The dye of the checked jacket is very interesting. Although the Japanese had very technically advanced dyeing skills, this checkerboard is dyed with rustic unevenness. Many of the squares are slightly off angle. The color may have been applied partly by hand and partly by tsutsugaki (rice paste resist applied with a paper tube). The velvet in the collar was hard to come by, and much favored as a luxury trim.
Daily Japanese Textile would like to thank Mr. Akio Mitsuno, who so graciously and generously shared his expertise and time, for his help with this entry. Mr. Mitsuno is the owner of
Saiyuu2 in Kyoto, which specializes in rare and unusual antique Japanese textiles.
Woman’s pipe cover and tobacco pouch
Asa, silk cord, metal catch, stiffened paper lining
Stenciled; dye and pigment
Matched sets for long narrow pipes and tobacco were common in Edo and Meiji period Japan, and could be very elaborate.

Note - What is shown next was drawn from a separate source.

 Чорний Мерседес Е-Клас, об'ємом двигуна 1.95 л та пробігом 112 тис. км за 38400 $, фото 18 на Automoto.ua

The pipe would be inserted where the white polka dots are visible here. This pouch is lined with the same material as the outer. Notice the flap open at the right side for easy access, and sewn down at the left side, providing a nice design touch.
Morning glories were very popular as a motif. The black pigment is probably sumi ink.
Below is an Utamaro ukiyo-e of a woman smoking. At her knee is a smoking box, with an ash tray at the top, and several drawers below for smoking accoutrements.
Heat transfer printing
manufactured by Nuno
Japan continues to be a top innovator in the textile industry. Early attempts at polyester manufacturing attempted – and failed – to mimic the qualities of traditional fibers. In time, however, manufacturers learned to take advantage of polyester’s unique qualities, including, as shown here, its ability to hold a shape.
This scarf, folded four times vertically, is then also folded diagonally multiple times. As seen in the top photo, one side has been dyed black with a heat transfer printing process. The dye penetrates unevenly, depending on the folds, the thickness of the material, and the finished edge. Above, when the material is partially fanned open, the differences in shading are not from shadows, but accurately reflect the various shades achieved by the dye process. When fully open, as below, the origami process sets the folds so strongly that the scarf retains its three dimensionality and needs assistance to stretch out flat.
Maiwai (celebratory fisherman’s coat)
Tsutsugaki, stenciling, handpainting, dyes, pigments
Maiwai were awarded to fishing crews if they exceeded the year’s projected catch, and were worn on special occasions. Appropriate to a garment specific to the fishing industry, this maiwai depicts the well known Japanese tale of Urashima Taro. After saving a turtle, who is actually a princess in an underwater kingdom, Urashima is rewarded for his kindness with a trip to the kingdom.
On this maiwai, Princess Otohime and Urashima Taro unfurl a banner reading ‘taigyo’ or ‘great catch’, signifying that the crew exceeded the year’s projections. The tuna next to Otohime indicates this crew’s specialization. Tuna can grow to be very large, so tuna fishing was very physically demanding work, and more dangerous than other fields of fishing.
The wear and tear at the right shoulder shows that this maiwai was probably used on more than just ceremonial occasions. The crane crest is a feature of most maiwai. The banner carried by this crane repeats the word ‘taigyo’. On some maiwai, the banners carried by the cranes identify the fishing vessel, adding a degree of personalization. The crane would typically be made by two very large stencils (left and right sides). The designs at the skirt would also have been made with stencils much larger than those used for traditional kimono designs.